All Articles/What is RevPAR and How Do You Calculate It for Your STR?
GlossaryMay 7, 20268 min read

What is RevPAR and How Do You Calculate It for Your STR?

RevPAR — Revenue Per Available Room — is the most important benchmark for STR operators. Learn the formula, market benchmarks, and how to use it to improve your Airbnb performance.

What is RevPAR and How Do You Calculate It for Your STR?

You're three months into running your first short-term rental. Revenue looks decent — $3,200 last month. But a fellow host in the same neighbourhood tells you she made $4,100 with a property half the size. How is that possible? The answer almost certainly lives in one number: RevPAR.

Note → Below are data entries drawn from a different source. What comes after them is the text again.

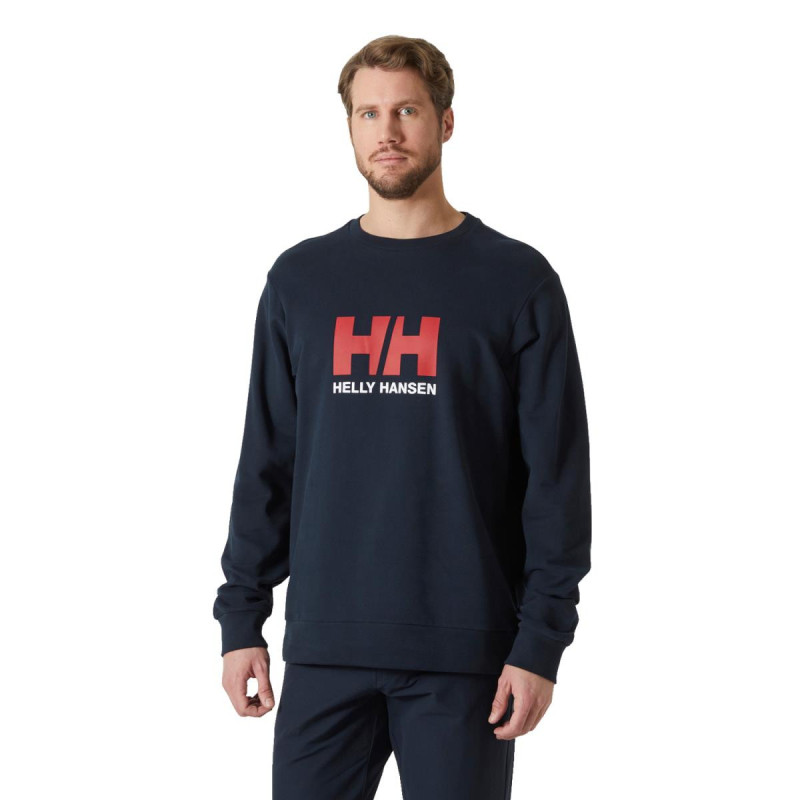 Helly hansen logo crew sweatshirt navy/red-white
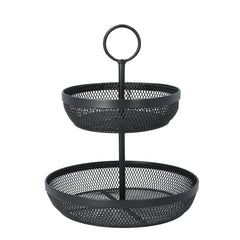 Homla Gridio Two-Story Basket  Black 31X26 cm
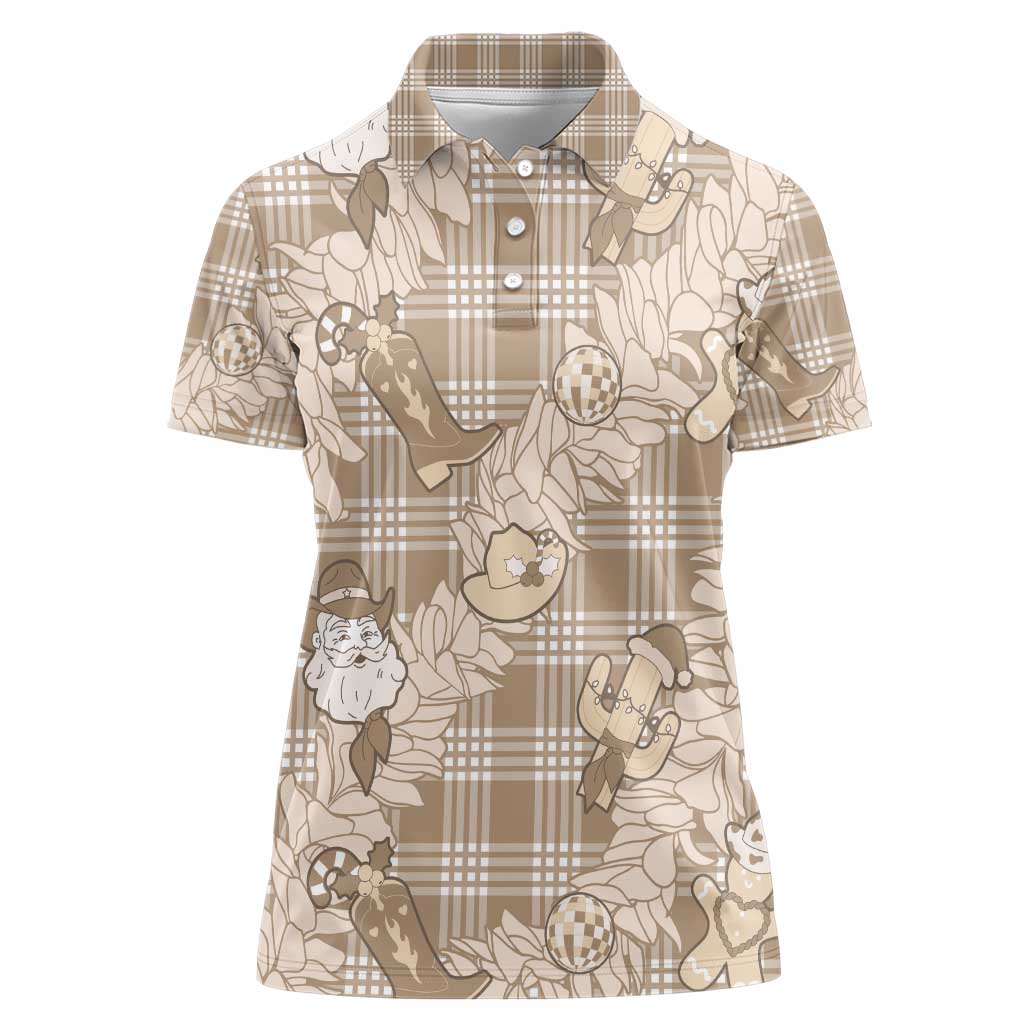 Khaki Palaka Hawaii Cowboy Christmas Women Polo Shirt Paniolo Mix Maile Lei LT7 Female Beige - Polynesian Pride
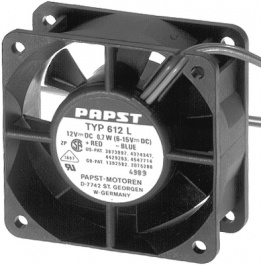 612 NGLE, Вентилятор: DC; осевой; 60x60x25мм; 21м3/ч; 16дБА; скольжения, Ebmpapst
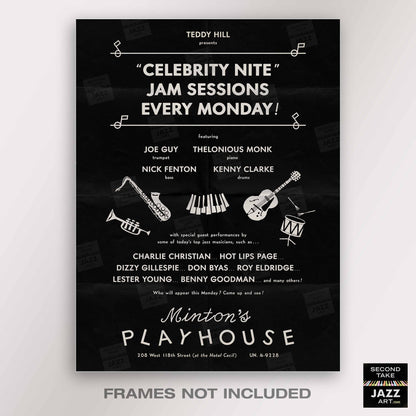 Charlie Christian - Kenny Clarke - Thelonious Monk jazz poster - Minton's Playhouse - 1941
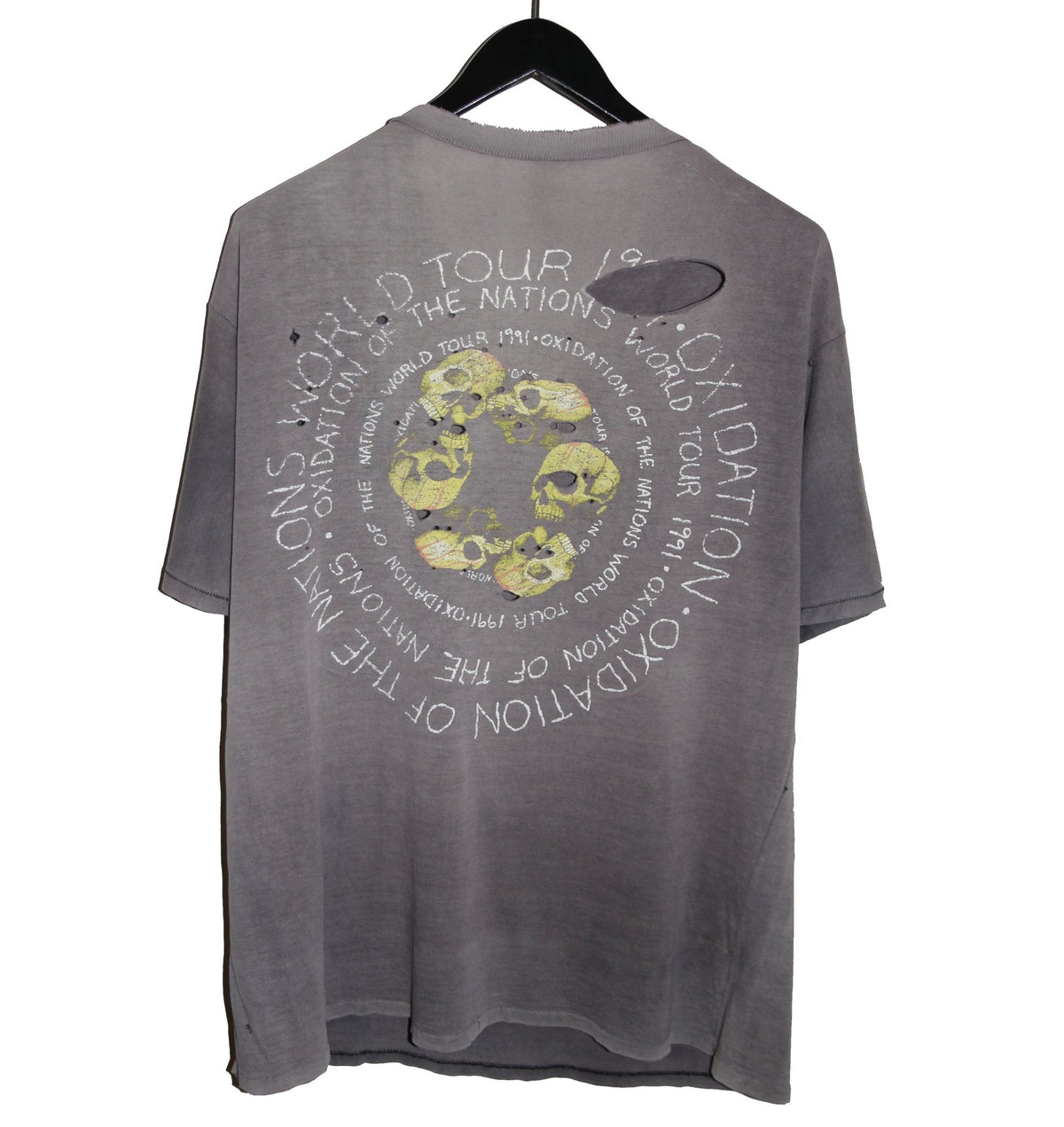 Megadeth 1991 Oxidation Of The Nations Tour Shirt - Faded AU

RevPAR — Revenue Per Available Room (or rental, in your case) — is the single most useful metric for benchmarking STR performance. It strips away the noise of different property sizes, listing counts, and seasonal quirks, giving you a clean comparison of how hard each night on your calendar is actually working. If you've been tracking only raw revenue, you're flying half-blind.

What RevPAR Actually Means

RevPAR stands for Revenue Per Available Room. Borrowed from the hotel industry, it has become the standard performance benchmark for short-term rental operators as platforms like Airbnb and VRBO have matured.

The basic idea: instead of measuring only the revenue you earned, RevPAR measures revenue relative to every night you could have earned revenue. A vacant night is a loss. RevPAR makes that loss visible.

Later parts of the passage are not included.